An alternative record type was used in early DNS implementations for IPv6, designed to facilitate network renumbering. The A6 resource record was used for the forward lookup, completed with a number of other innovations such as bit-string labels and DNAME records. After a discussion of the pros and cons of both schemes, the use of A6 resource records has been deprecated to experimental status.

==Transition mechanisms==

IPv6 is not foreseen to supplant IPv4 instantaneously. Both protocols will continue to operate simultaneously for some time. Therefore, IPv6 transition mechanisms are needed to enable IPv6 hosts to reach IPv4 services and to allow isolated IPv6 hosts and networks to reach each other over IPv4 infrastructure.

According to Silvia Hagen, a dual-stack implementation of the IPv4 and IPv6 on devices is the easiest way to migrate to IPv6. Many other transition mechanisms use tunneling to encapsulate IPv6 traffic within IPv4 networks and vice versa. This is an imperfect solution, which reduces the maximum transmission unit (MTU) of a link and therefore complicates Path MTU Discovery, and may increase latency.

===Dual-stack IP implementation===
Dual-stack IP implementations provide complete IPv4 and IPv6 protocol stacks in the operating system of a computer or network device on top of the common physical layer implementation, such as Ethernet.
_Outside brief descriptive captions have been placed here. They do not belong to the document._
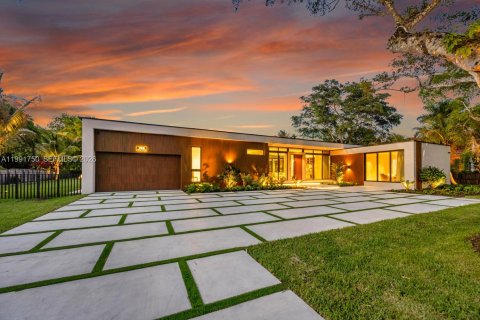 Дом в Пайнкрест, Флорида 7 спален, 570.23м2 № 2065009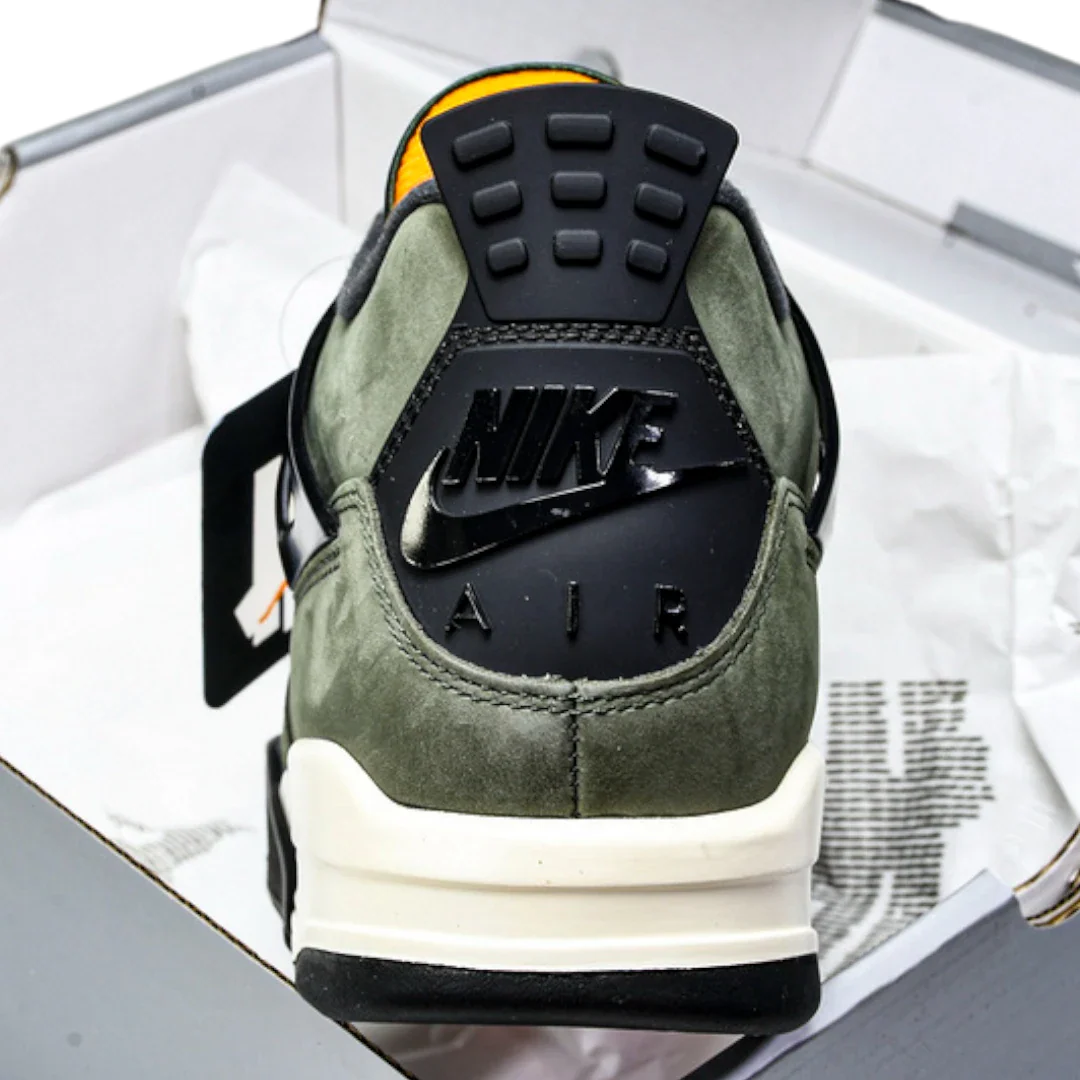 AJ4 Retro OG SP 'Undefeated'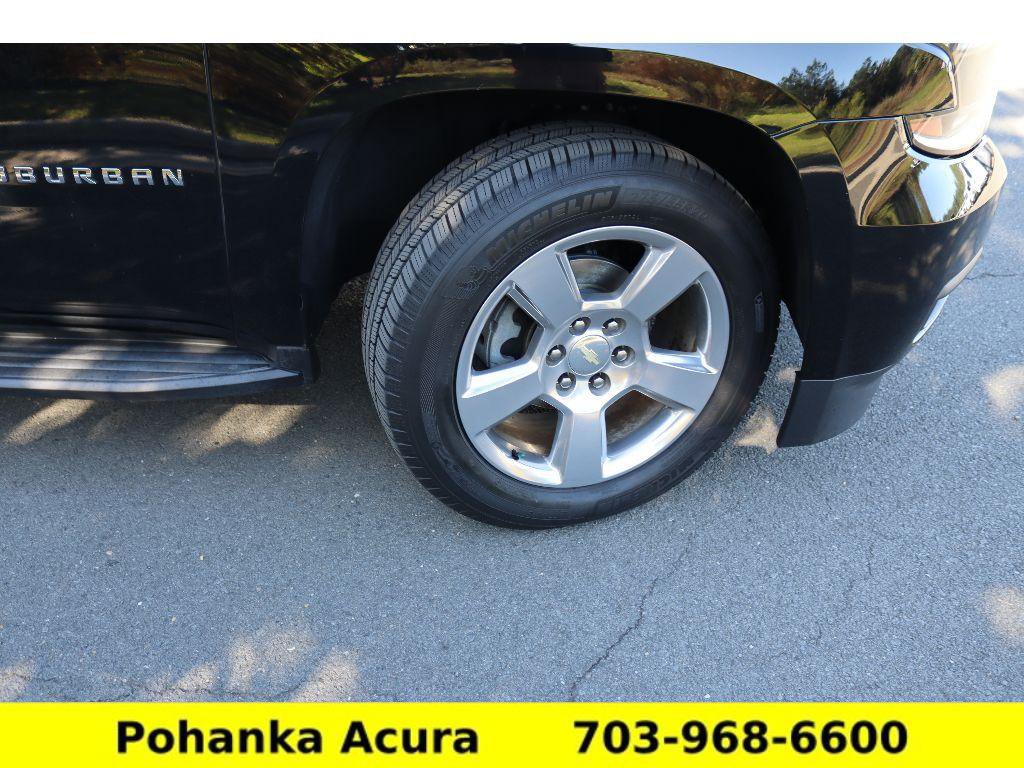 Used 2018 Chevrolet Suburban LT w/ Luxury Package image 35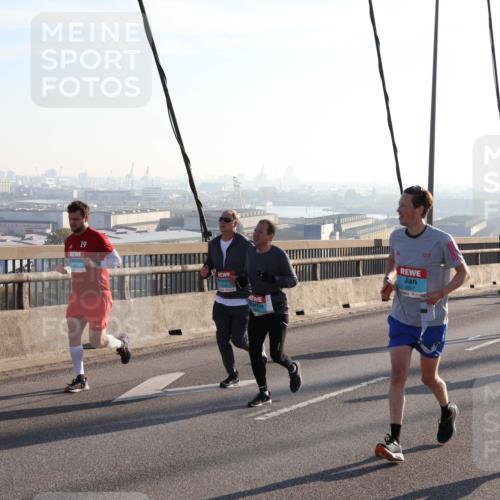 03.10.2025 - Köhlbrandbrückenlauf Julia Fischer http://msf.ph/oto/9001119 03.10.2025 09:23:12 Position 1 19, 2857, 3806 meine-sportfotos.de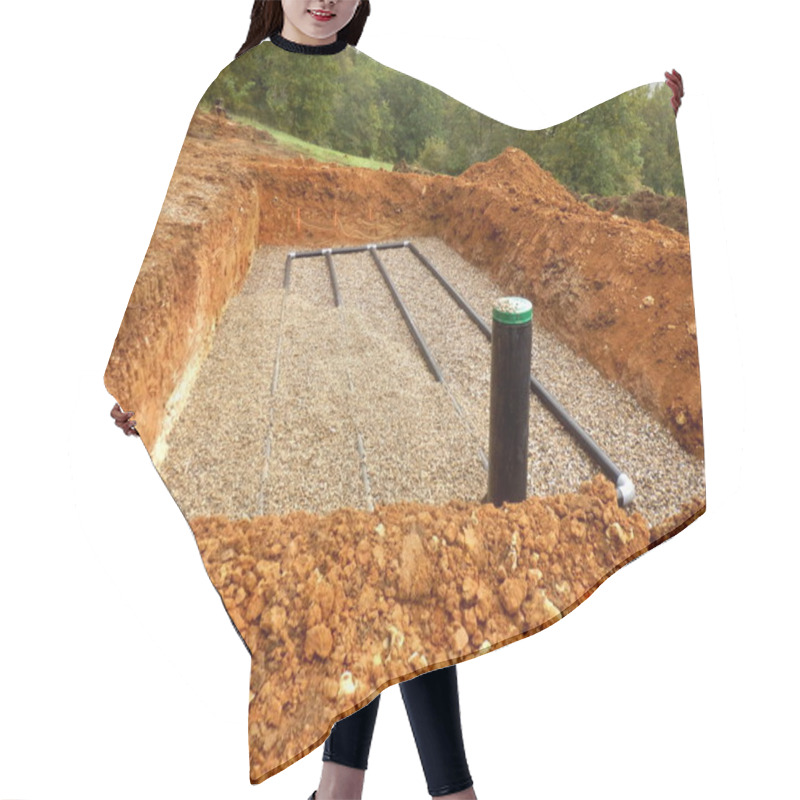 Personality  Sand And Gravel Drainage System Hair Cutting Cape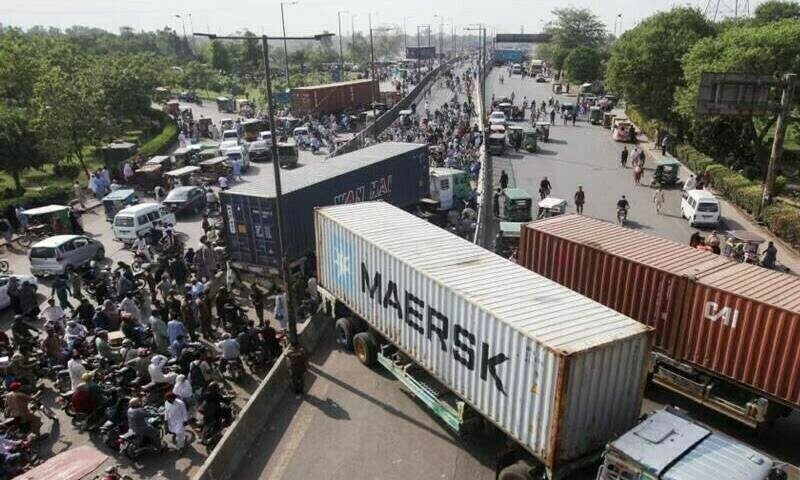 Private schools, Metro Bus to be closed amid strict security for PTI protest in Islamabad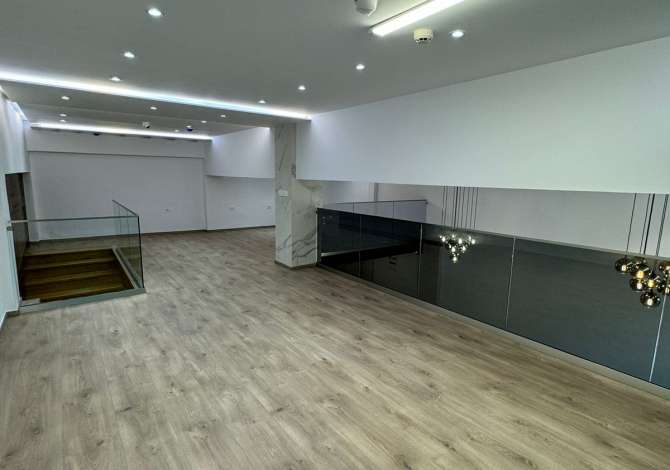 SHITET AMBJENT BIZNESI 80M2 KOMUNA E PARISIT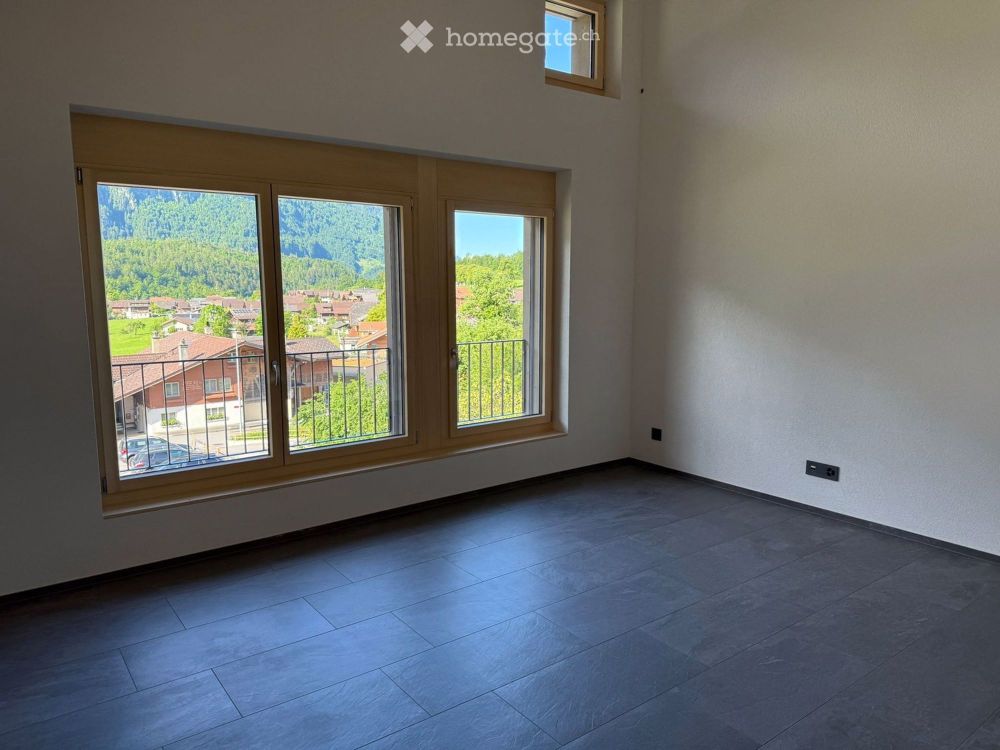 Erstvermietung: Moderne 3.5-Zimmer-Wohnung mit grosser Terrasse in Hofstetten b. Brienz - Bild 4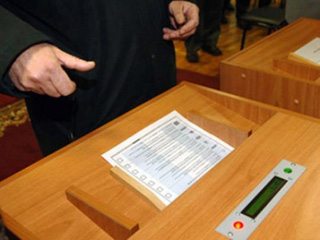 В Хакасии обучают операторов комплексов электронного голосования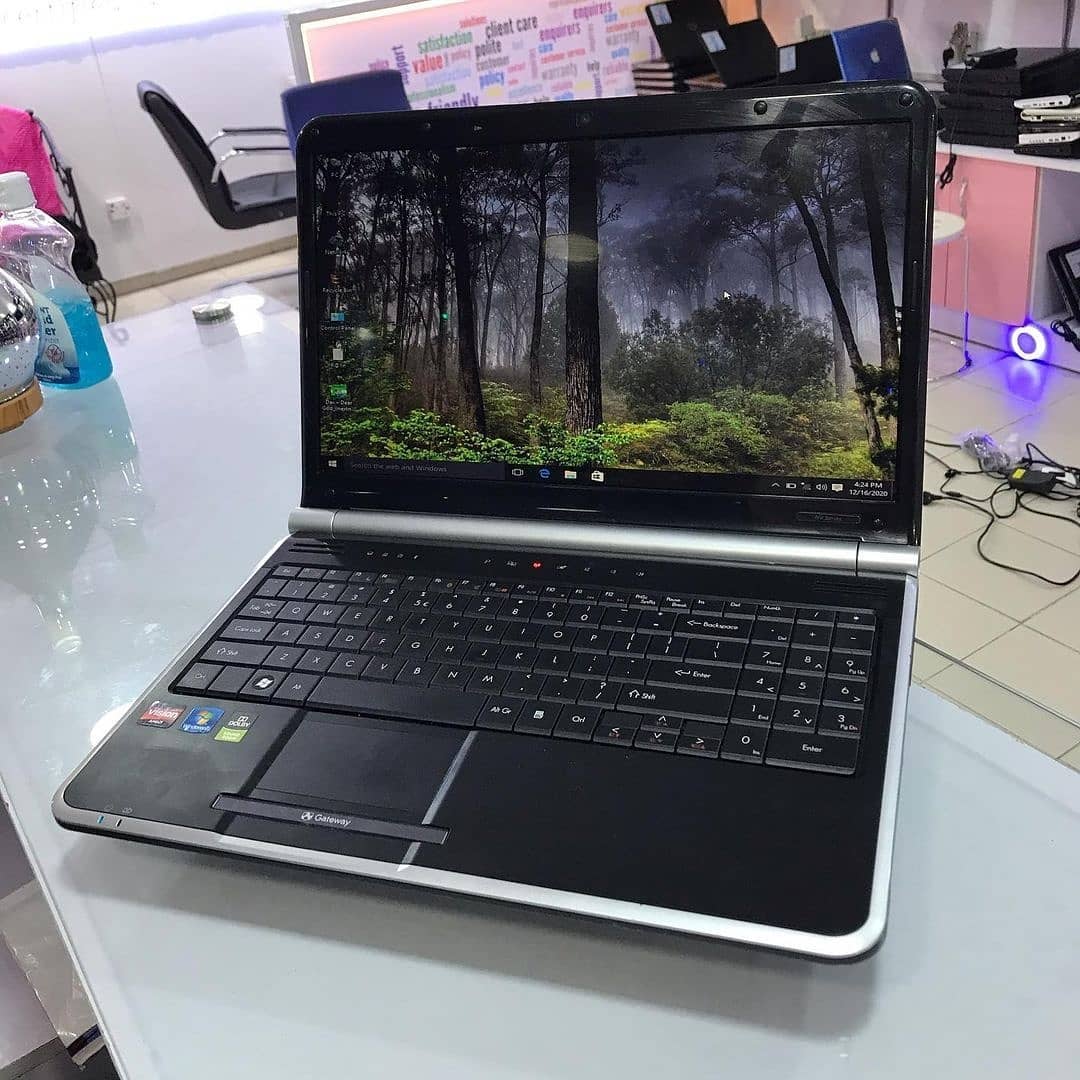 wenecomputers_store_142153220_456967895471998_1870333090096986516_n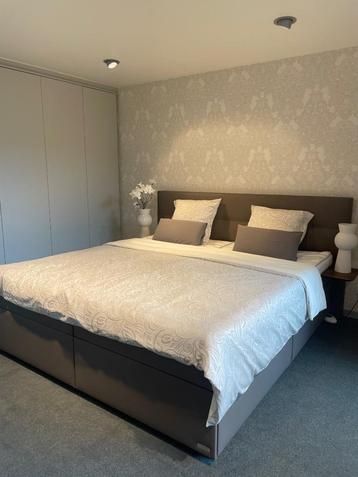 Waterbed compleet met achterwand, nachttafels, bergruimte, 2 beschikbaar voor biedingen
This permits dual-stack hosts to participate in IPv6 and IPv4 networks simultaneously.

A device with dual-stack implementation in the operating system has an IPv4 and IPv6 address, and can communicate with other nodes in the LAN or the Internet using either IPv4 or IPv6. The DNS protocol is used by both IP protocols to resolve fully qualified domain names and IP addresses, but dual stack requires that the resolving DNS server can resolve both types of addresses. Such a dual-stack DNS server holds IPv4 addresses in the A records and IPv6 addresses in the AAAA records. Depending on the destination that is to be resolved, a DNS name server may return an IPv4 or IPv6 IP address, or both. A default address selection mechanism, or preferred protocol, needs to be configured either on hosts or the DNS server.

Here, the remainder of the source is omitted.